[RECORDS SUPPLIED Boundary: Start]
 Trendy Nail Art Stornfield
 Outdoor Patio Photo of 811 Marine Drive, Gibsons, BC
[RECORDS SUPPLIED Boundary: End]
[RECORDS SUPPLIED Boundary: Start]
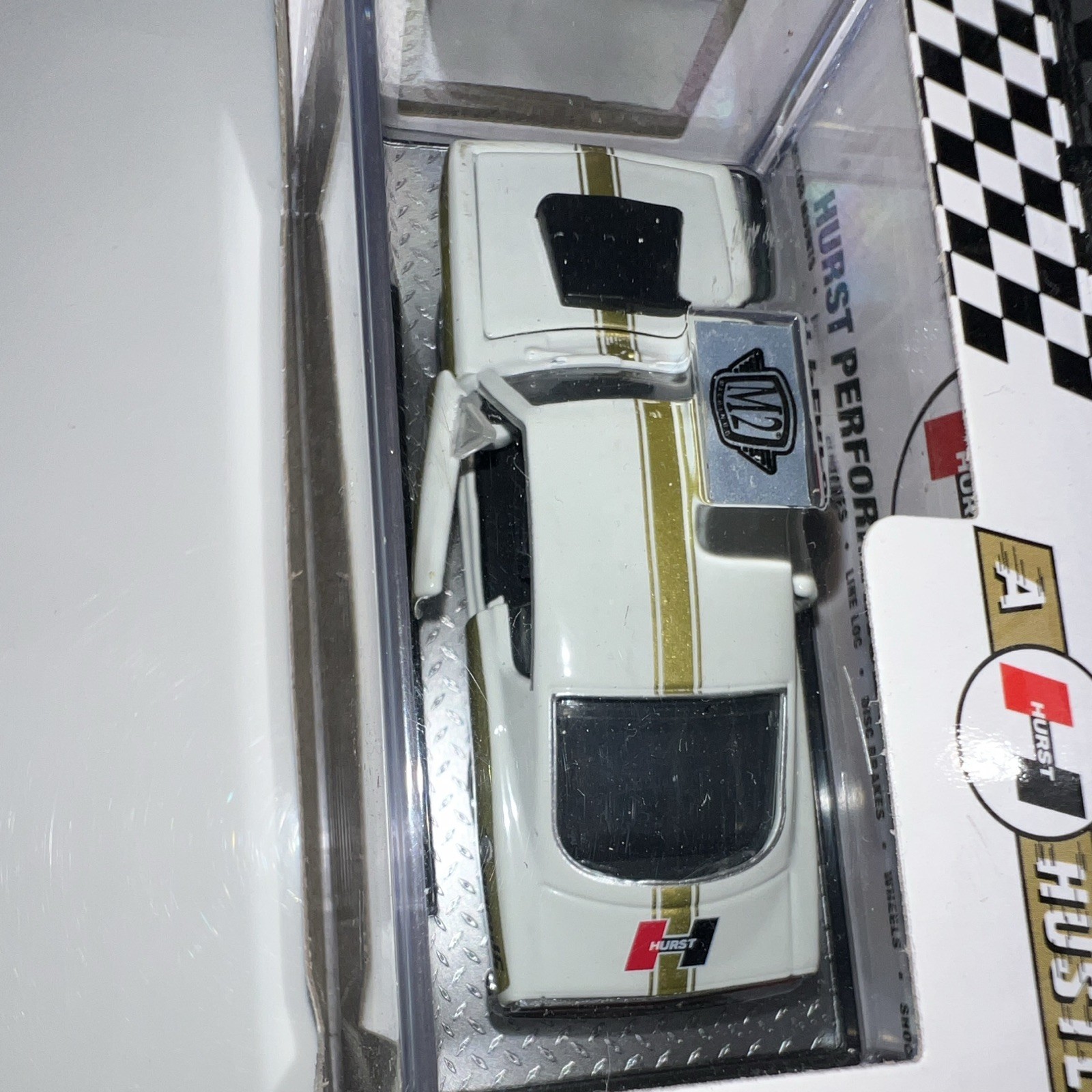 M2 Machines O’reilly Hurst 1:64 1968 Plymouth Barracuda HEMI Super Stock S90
[RECORDS SUPPLIED Boundary: End]
_DIRECTIONS_
Only those lines of the entries above that run from the line containing "Trendy Nail Art Stornfield" to the line containing "Outdoor Patio Photo", both included, should be transcribed exactly.

_YOUR SOLUTION_
 Trendy Nail Art Stornfield
 Outdoor Patio Photo of 811 Marine Drive, Gibsons, BC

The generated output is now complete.